I also object to that “near”. The Obama administration never gave any sign of being less than totally loyal to its owners.

I agree that heavy American pressure is essential if Israel is to be forced out of the West Bank.
Motion at debate at Oxford University last month: “Israel should withdraw immediately from the West Bank”.

Excellent points, all of them–but delivered to the wrong address. Netanyahu–and most Israelis, it must agonizingly be admitted–are impervious to such arguments. The much more important audience would be Congress and Obama

This entire argument is meaningless for the following reasons:

1. Both Obama and Congress get their marching orders from the Netanyahu and from the Israel Lobby. Twenty-seven standing ovations.

2. The majority of Jews in the US and in Canada couldn’t care less about the occupation or the abuse of Palestinians. As such, both they and the Lobby are obstacles to justice and peace.

Thus the only effective way to resolve this is to boycott Israel and make it clear to Jews outside Israel that they are no longer part of the debate, they are irrelevant and ineffectual.
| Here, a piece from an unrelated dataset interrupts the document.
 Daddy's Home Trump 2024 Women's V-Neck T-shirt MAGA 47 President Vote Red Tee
They are aiders and abetters who cannot be swayed.

If you want to change them, you’ll have to change the way Judaism is taught in every household in the US, where Israel is seen as an intrinsic part of every Jew’s identity.
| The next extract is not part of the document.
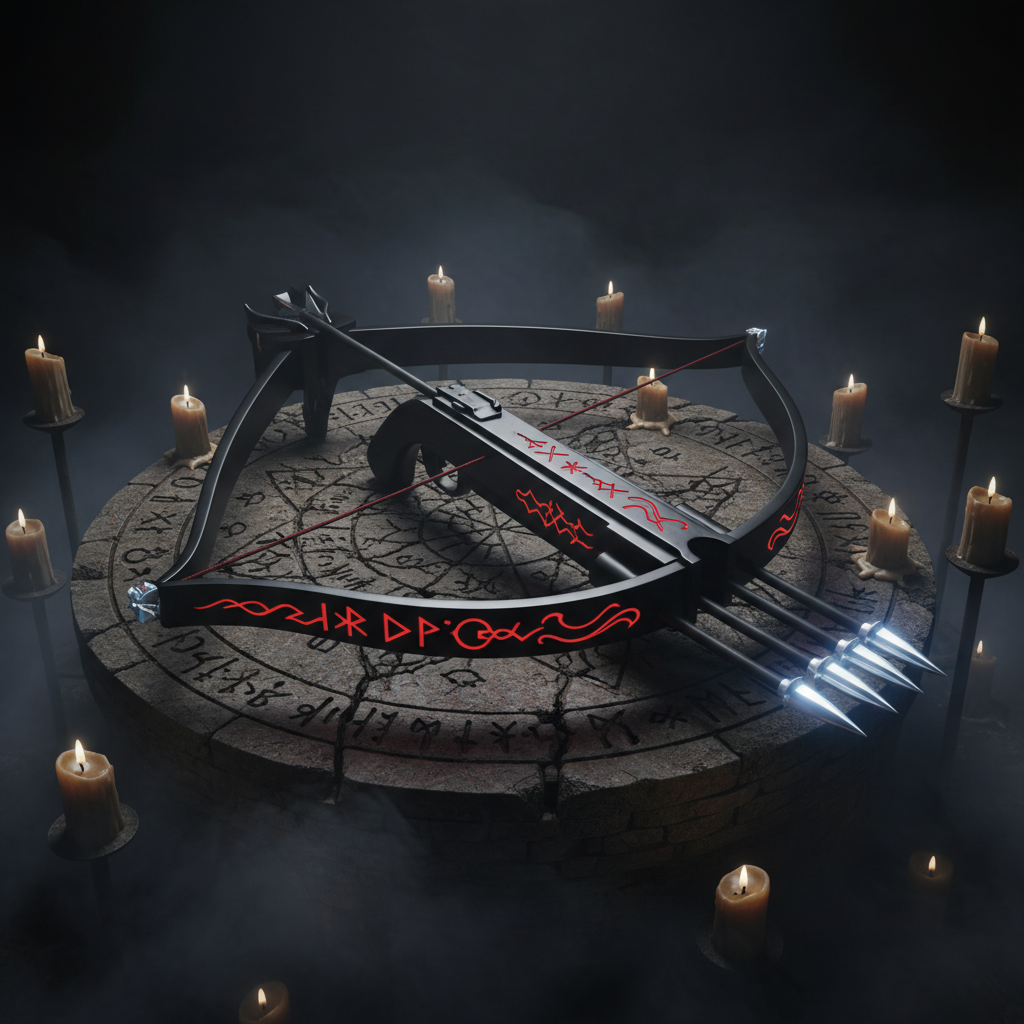 Demon Hunting Crossbow with obsidian frame and blood-red rune engravings on stone altar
Seeing as you cannot do that without waiting generations and spending countless resources on education and de-programming, it is far more cost-effective to ignore Jews in the US, exclude them and explain to them that this is no longer an internal Jewish conversation.

On a seriousness scale of 1 to 10, your suggested solution rates at a poultry 3, whereas mine is far more serious, coming in at a solid 9.

Clearly, you need to give your ‘solutions’ more serious thought.

Jerome Slater:

Thanks for posting this piece.

You write that the rabbinical students, rabbis, cantors, etc. are wasting their time appealing to Netanyahu, and instead ought to be appealing to the US Congress.

Maybe. But why not urge them to talk to the Palestinians directly? I’ll bet very few of the rabbinical students (and rabbis, cantors, etc.) have had a serious talk with Palestinians. Ever.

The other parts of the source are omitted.